Text-mining at ERBI : Nothing is 100%; please comment

I was delighted to be asked to speak at a meeting of ERBI in Cambridge yesterday evening. ERBI is (roughly) a get-together of scientists and IT people in the dynamic biotech companies from the Cambridge region (“The Health, Wealth and Growth of Biotech in the [Eastern] Region”). Here was the program:
ERBI IT Special Interest Group Meeting – ‘Text Mining – Finding Buried Treasure’

17:00-17:35 – Richard Kidd, Head of Informatics, Royal Society of Chemistry
‘Prospecting chemical and biochemical literature’

The RSC’s Project Prospect, which was the first application of semantic web technologies to primary research publishing, won the 2007 ALPSP/Charlesworth Award for Publishing Innovation. We will discuss the problems with the conventional publication process which we tried to address, the development process, and successes and failures in applying new standards. We will look at the InChI and identifying chemical entities using text mining, using existing ontologies and building new ones, and their real-life application.
17:35-18:10 – Phil Hastings, Director Business Development, Linguamatics
Finding Answers from Text for Life Sciences

An overview of the application of Natural Language Processing (NLP) to text mining for researchers and information specialists, its potential impact and benefits. The presentation will include case studies from pharma/biotech. We will also include some insight into current challenges and potential opportunities for text mining in the future.
18:10-18:45 – Julie Barnes, Chief Scientific Officer, Biowisdom Ltd
‘A new information format for a new information age’

Julie will present opportunities to generate a new format for information, enabling us to better exploit the realms of historic literature and electronic information available. Case studies pertaining to drug safety will highlight the analytical power of assertional metadata for generating new insights for the purpose of pharmaceutical R&D.
18:45-19:20 – Peter Murray-Rust, Unilever Centre for Informatics, Cambridge University
‘The Chemical Semantic Web’

The semantic web is set to change the way we think about and use information. By providing explicit descriptions of concepts we make them accessible to machines and open up the possibility of simple reasoning. Chemical Markup Language (CML) can describe substances, reactions, molecules, solid state, spectroscopy and recipes. If chemistry is published in this way we can then use machines to do most of the tedious and error-prone work such as searching, transforming between formats, and integrating into documents. The presentation will include a number of interactive demonstrations.

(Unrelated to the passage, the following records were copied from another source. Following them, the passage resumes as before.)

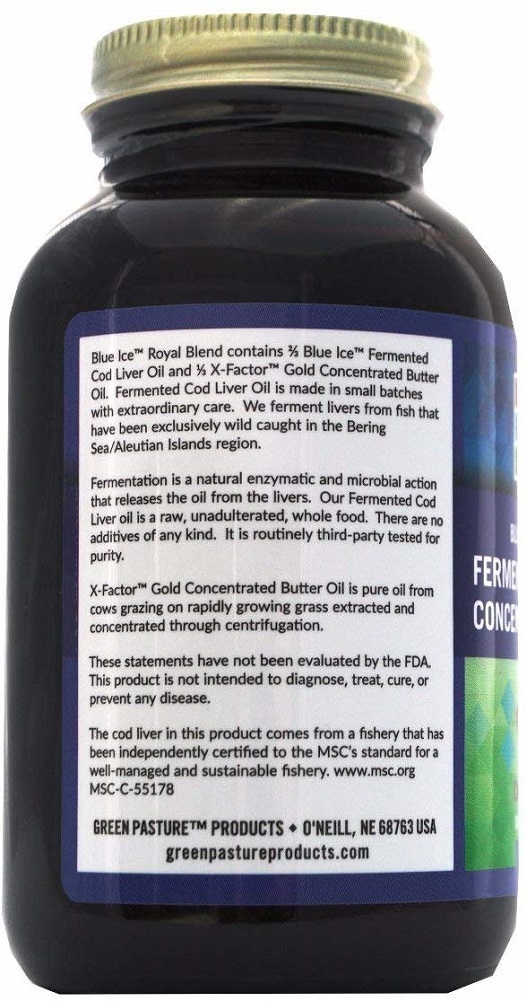 Green Pasture's Blue Ice Royal Butter Oil / Fermented Cod Liver Oil Blend -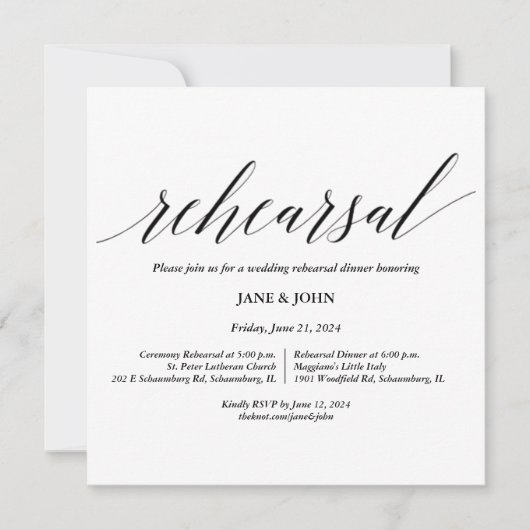 Uitnodiging voor bruiloft repetitie (Voorkant)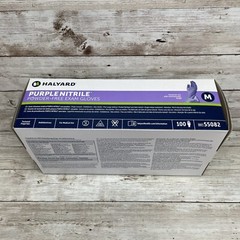 1 Box HALYARD PURPLE NITRILE EXAM GLOVES Powder-Free Size: MEDIUM Exp: 4/2027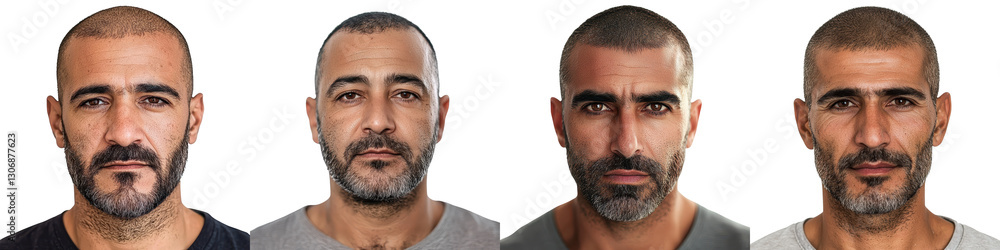 Obraz premium Serious and Focused Middle Aged Bearded Man with Intense Gaze and Confident Expression in Professional Corporate Studio Portrait Concept of Leadership Authority and Business Expertise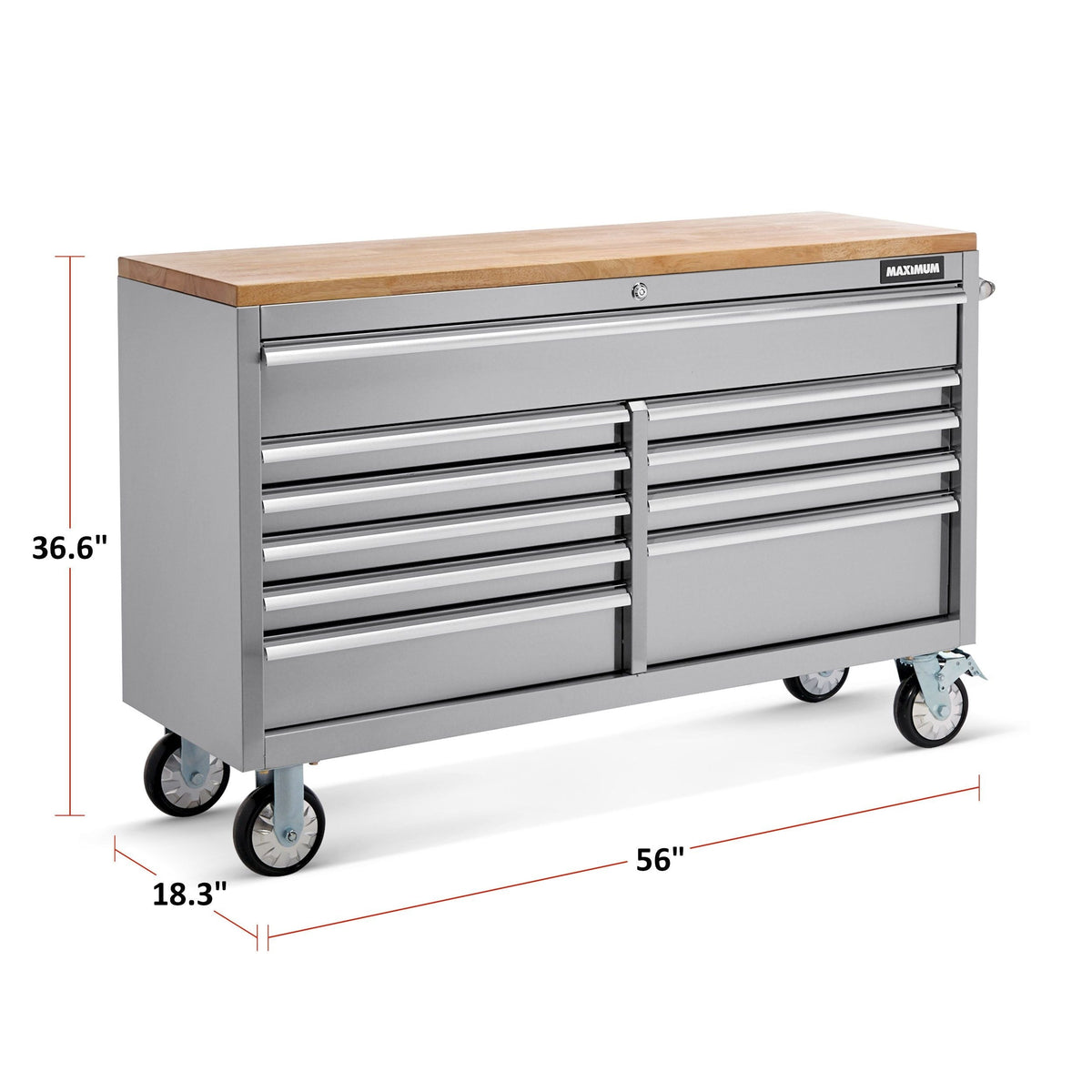 Butcher Block Top Rolling Tool Storage Cabinet with 10 Drawers, Stainless Steel, 56-in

PMR: The evening has a very nice logical flow. Although not consciously planned each presenter was able to rely on the audience (half scientists, half IT people – most from SME biotechs or IT companies). So – as always at the start of a meeting – I didn’t know what I was going to say. Who was the audience? If they had all been managers no point in giving the geek-candy. If scientists, go easy on the XML. If IT people, not too many slides filled with -ases, -ins, -ates, -osides, MAPKKKs, ERBs, etc. (Richard showed a lovely slide incorporating gene names such as “sleepy, bashful”, etc. I guessed it was from Drosophila (this community has a histiry of “amusing” names for genes). I was wrong – it was zebra fish. So the genomicists are competing for the Minister of silly names. Great fun, unless you are doing text mining. It’s difficult enough parsing “He filled the apparatus” (personal pronoun or element?). A good tactic used to be to throw away the common english words in a chunk of text – you can’t do that now or the zebra fish goes down the plughole.
So I changed my theme to “Chemistry in Documents” and pained the picture of publishing completely semantic chemistry. I also made it clear that nothing in this area is 100% correct. We have to adapt to this idea. There is no “right strucrure” for a compound. There are structures which have a very high probability of being associated with a name. There are names which have a probability of representing a chemical entity.
So I set the audience a question. Here’s a chunk of text from a thesis we – or rather OSCAR-the-journal-eating-robot – is reading. There are no tricks – it’s exactly as is. I asked them to same how many chemical entities there were in this chunk. (Ideally we should ask for where they start and end, put I just asked for a show of hands for the total count.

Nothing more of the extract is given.